Books I’ve read

HELLBOY: The Wild Hunt by Mike Mignola (I forget the artist) is the TPB collection of the latest miniseries. Given how long Hellboy’s been just drifting aimlessly, it’s nice to see things change as an attack by witches and the schemes of the Osiris Society lead to a meeting with Morgan LeFay, a revelation about Hellboy’s mother and a really unexpected twist to his destiny. A very good job.
JENNY FINN collects two issues of a stand-alone series by Mignola (though one that would fit the Hellboy universe easily enough) in which a sailor and a government official both discover a young girl causing mysterious mutations and try to figure out what to do with her. Not first-ranked, but good.
TURN COAT: A Novel of the Dresden Files has Jim Butcher’s Harry Dresden struggling to prove that one of his fellow wizards didn’t murder a member of the magical White Council, the struggle complicated by a)the wizard was caught in the act; b)a skinwalker keeps trying to kill them; and c)if Harry’s found out, he’ll be executed as an accomplice.

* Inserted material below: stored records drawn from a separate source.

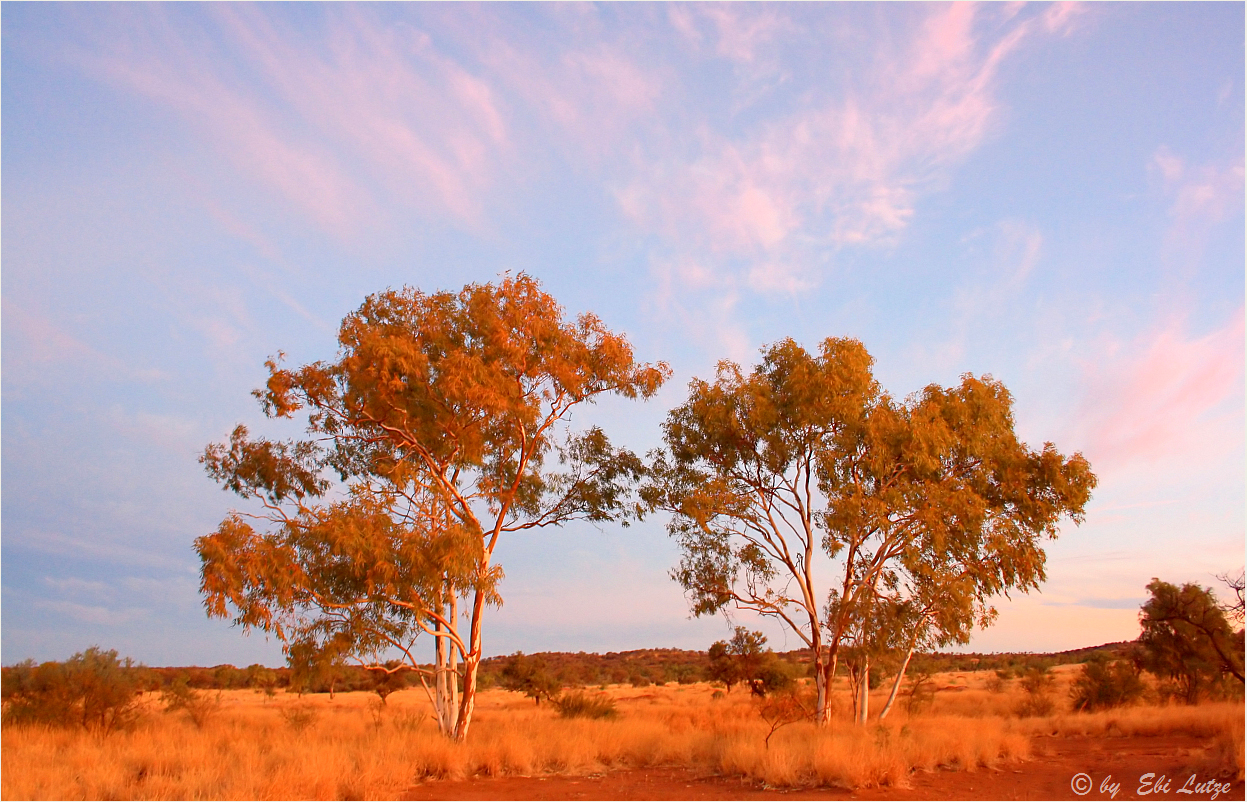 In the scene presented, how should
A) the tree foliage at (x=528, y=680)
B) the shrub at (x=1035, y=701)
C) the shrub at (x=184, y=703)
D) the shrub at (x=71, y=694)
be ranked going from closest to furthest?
the shrub at (x=71, y=694)
the shrub at (x=184, y=703)
the shrub at (x=1035, y=701)
the tree foliage at (x=528, y=680)

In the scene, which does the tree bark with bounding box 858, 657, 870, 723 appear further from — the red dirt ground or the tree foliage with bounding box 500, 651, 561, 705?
the tree foliage with bounding box 500, 651, 561, 705

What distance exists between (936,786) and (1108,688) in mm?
20514

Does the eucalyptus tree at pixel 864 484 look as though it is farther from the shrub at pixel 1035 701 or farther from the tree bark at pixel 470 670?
the shrub at pixel 1035 701

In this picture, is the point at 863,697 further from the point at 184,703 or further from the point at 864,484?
the point at 184,703

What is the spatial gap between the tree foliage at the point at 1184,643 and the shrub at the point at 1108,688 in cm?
76

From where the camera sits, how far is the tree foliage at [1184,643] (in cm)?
2538

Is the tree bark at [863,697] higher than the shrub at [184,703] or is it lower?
higher

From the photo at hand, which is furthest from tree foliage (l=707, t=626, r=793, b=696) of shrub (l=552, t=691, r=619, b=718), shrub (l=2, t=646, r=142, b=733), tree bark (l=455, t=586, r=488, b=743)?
shrub (l=2, t=646, r=142, b=733)

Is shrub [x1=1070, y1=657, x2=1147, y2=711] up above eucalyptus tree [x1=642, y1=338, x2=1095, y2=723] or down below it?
below

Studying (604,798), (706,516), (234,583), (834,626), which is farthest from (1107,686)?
(234,583)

A fairly obvious killer (a Red Shirt and also the Least Likely Suspect) and I’d like to know how the Black Council was able to set something as powerful as a skinwalker on Harry, but a good thriller nonetheless.
BLUE MAURITIUS: The Hunt For the World’s Most Valuable Stamps by Helen Morgan chronicles how the rare two-penny stamp from a British colony became philately’s most desired rarity even though it’s not the rarest (the British Guiana has that honor, but the Blue Mauritius has outpriced it). Covering the origin of the stamps, the history of the handful of known stamps, the growth of philately itself and the question of whether some of the stamps are fakes (“Given the current prices, few collectors want to submit them to test.”) this is informative but not all that interesting compared to similar works I’ve read—whether the problem is the book or that I’m not that interested in the material, I don’t know.